Exercise instructions: Set down each entry exactly as given; pictures should not appear in the copy.

[Dataset items]

● ● ●

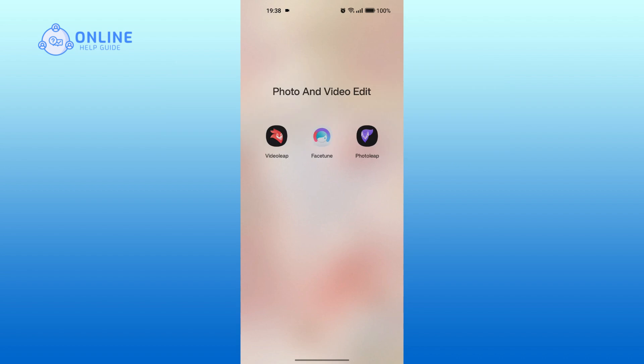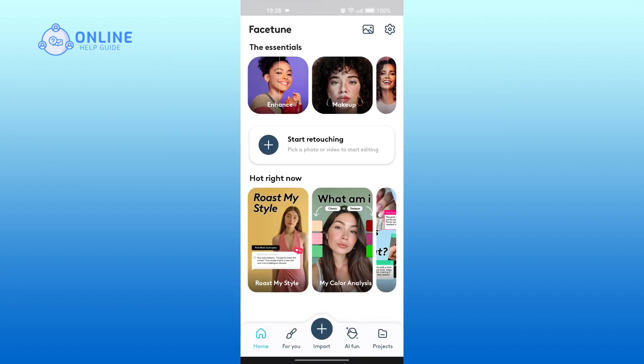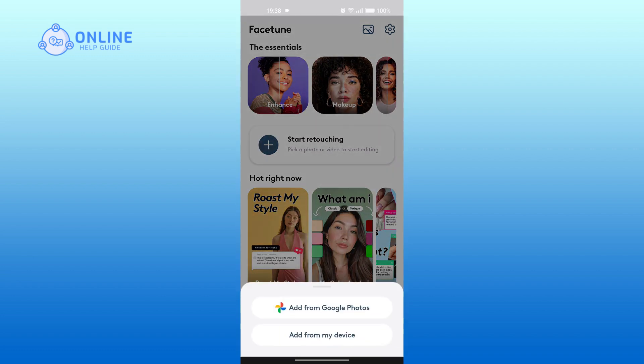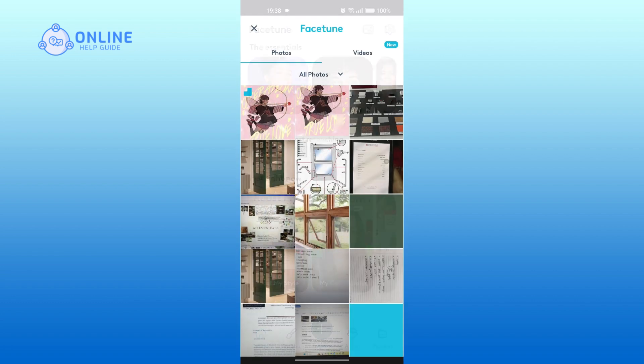First, open the Facetune app on your device. Tap on the plus icon at the bottom. Tap on add from my device. Select any picture that you want to edit.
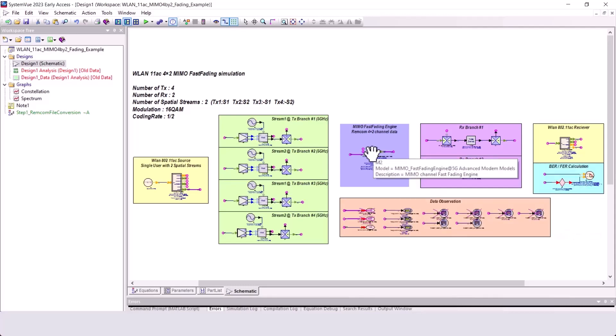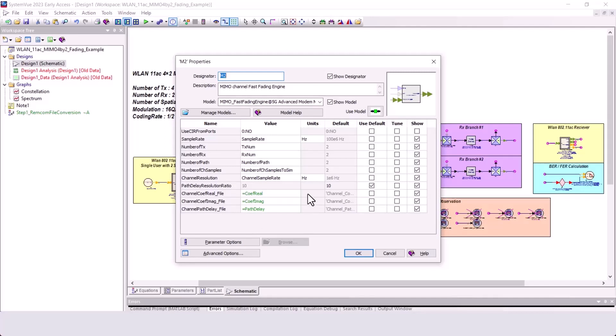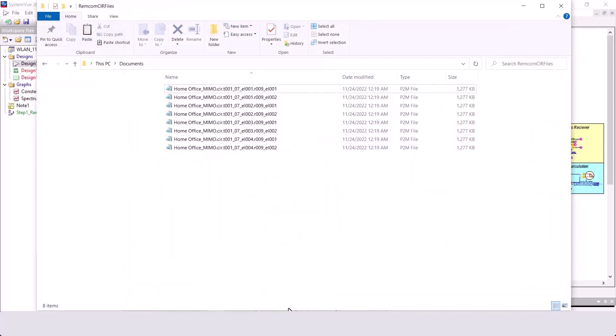The part for channel model simulation I use is the MIMO channel fast fading engine. This part consumes 3 files to define the channel impulse response: a file for the real part of the channel coefficients, a file for the imaginary part of the channel coefficients, and another for the path delay values.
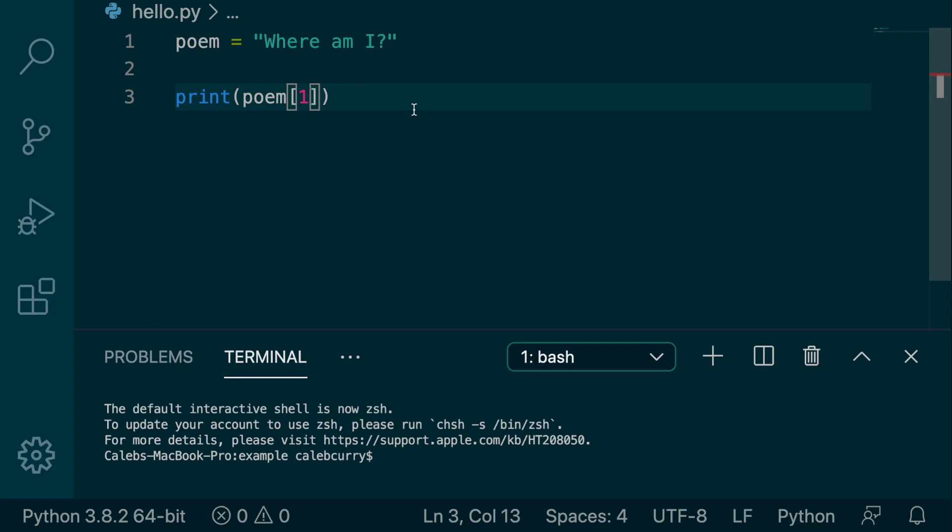In this video, we're going to be talking about negative indexes or indices.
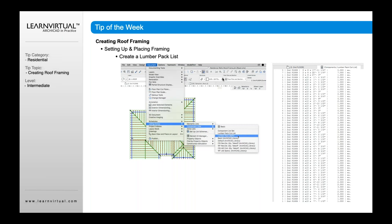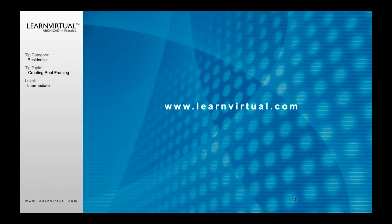And the way you create a lumber pack is by going to your document menu, down to Listings Extras, Component List, and go into Lumber Pack, and it will give you a running list of your lumbers, of the various lumber used in that framing. So that is our tip of the week.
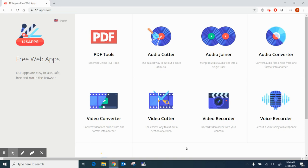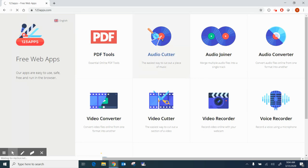In this short video I'm going to discuss how to trim an audio file that I've already created using 123Apps. I've gone to 123Apps.com, and I'm not required to log in. I'm going to go ahead and click on Audio Cutter.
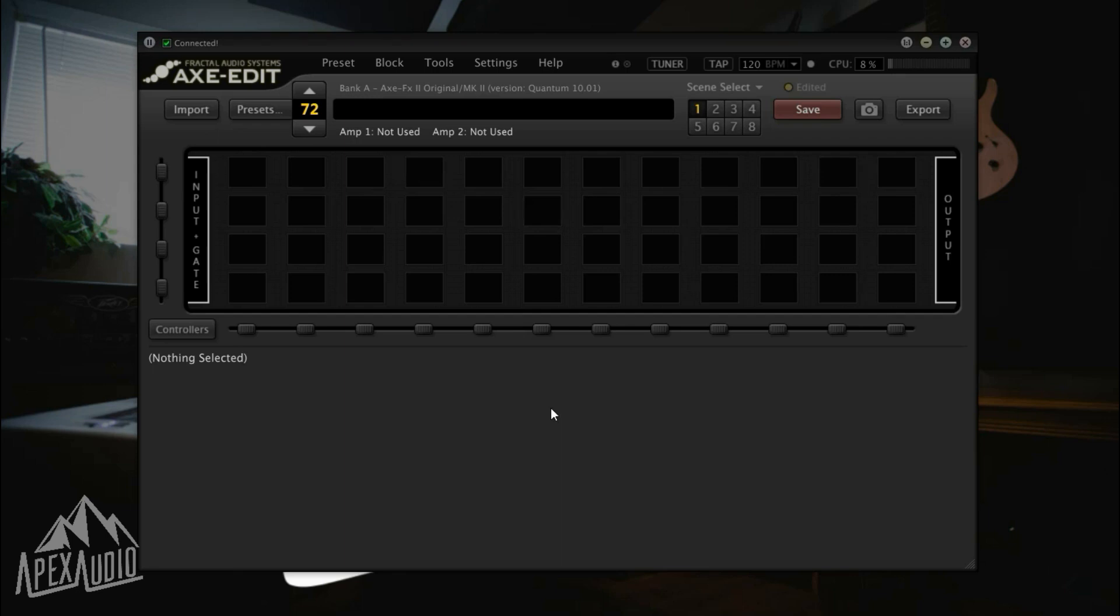Hey guys, this is Kyle with Apex Audio and I wanted to show you how to load presets into your Axe FX using the Axe Edit software from Fractal Audio Systems.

● ● ●

Reply:
First, open the Facetune app on your device. Tap on the plus icon at the bottom. Tap on add from my device. Select any picture that you want to edit.
The part for channel model simulation I use is the MIMO channel fast fading engine. This part consumes 3 files to define the channel impulse response: a file for the real part of the channel coefficients, a file for the imaginary part of the channel coefficients, and another for the path delay values.
In this video, we're going to be talking about negative indexes or indices.
And the way you create a lumber pack is by going to your document menu, down to Listings Extras, Component List, and go into Lumber Pack, and it will give you a running list of your lumbers, of the various lumber used in that framing. So that is our tip of the week.
In this short video I'm going to discuss how to trim an audio file that I've already created using 123Apps. I've gone to 123Apps.com, and I'm not required to log in. I'm going to go ahead and click on Audio Cutter.
Hey guys, this is Kyle with Apex Audio and I wanted to show you how to load presets into your Axe FX using the Axe Edit software from Fractal Audio Systems.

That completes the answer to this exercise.